◆ GOAL OF THE EXERCISE ◆
Leave the pictures out. Return all other data exactly.

◆ DATA PROVIDED ◆
--------------------

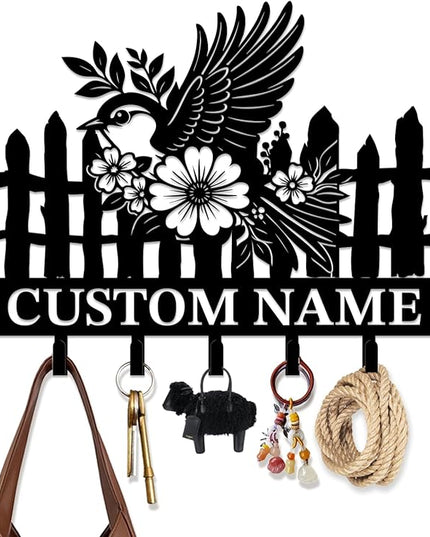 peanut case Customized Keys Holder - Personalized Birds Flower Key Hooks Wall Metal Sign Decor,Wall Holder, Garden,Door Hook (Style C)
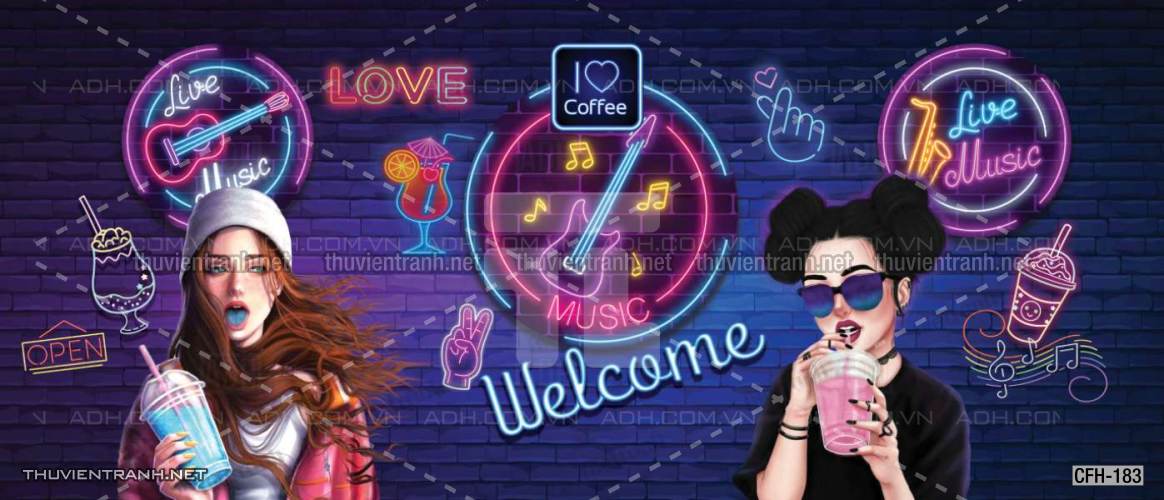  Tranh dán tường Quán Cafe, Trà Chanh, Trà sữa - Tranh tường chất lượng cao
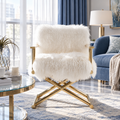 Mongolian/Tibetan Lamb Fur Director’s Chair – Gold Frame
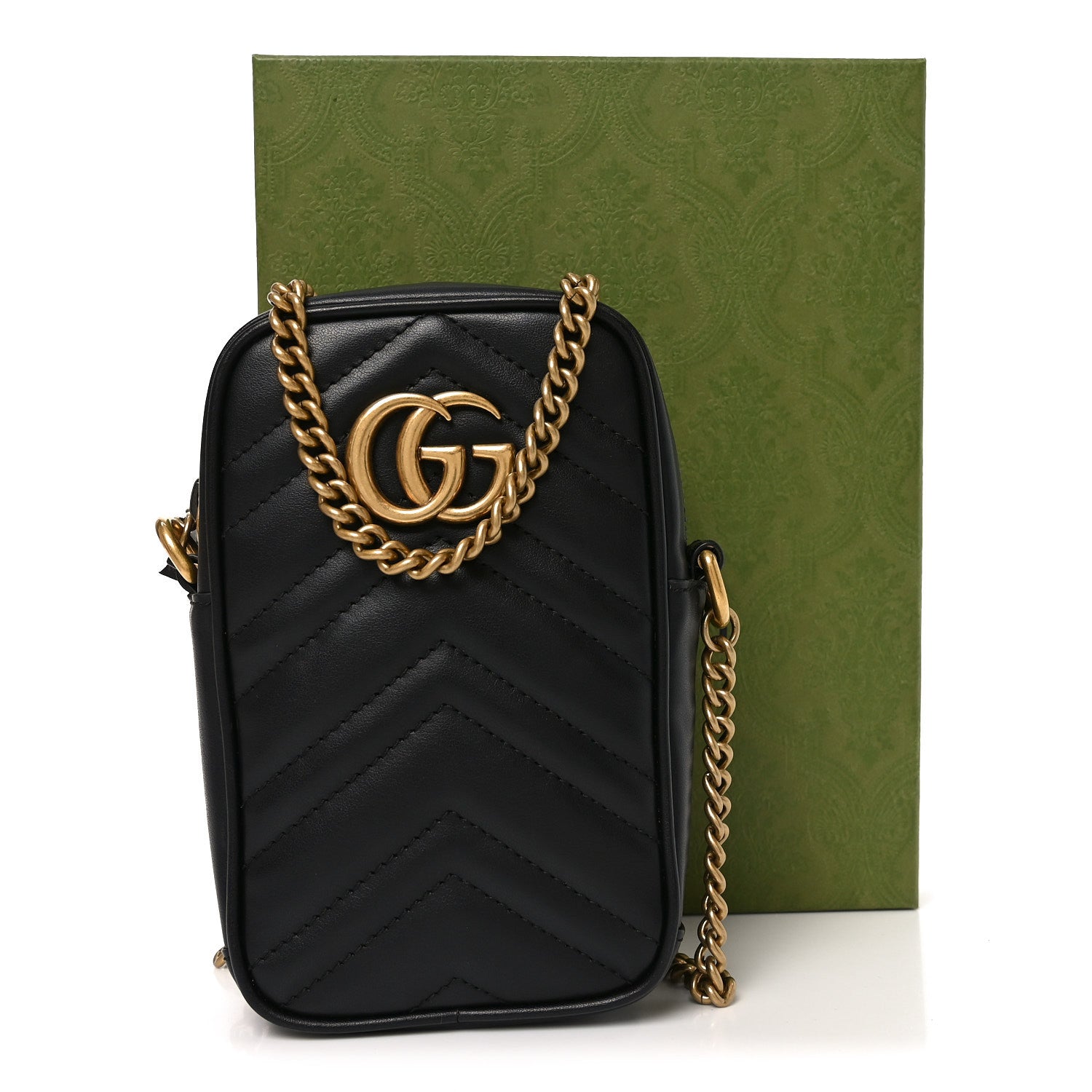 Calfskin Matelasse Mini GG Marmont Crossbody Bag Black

--------------------

◆ WRITTEN RESPONSE ◆
 peanut case Customized Keys Holder - Personalized Birds Flower Key Hooks Wall Metal Sign Decor,Wall Holder, Garden,Door Hook (Style C)
  Tranh dán tường Quán Cafe, Trà Chanh, Trà sữa - Tranh tường chất lượng cao
 Mongolian/Tibetan Lamb Fur Director’s Chair – Gold Frame
 Calfskin Matelasse Mini GG Marmont Crossbody Bag Black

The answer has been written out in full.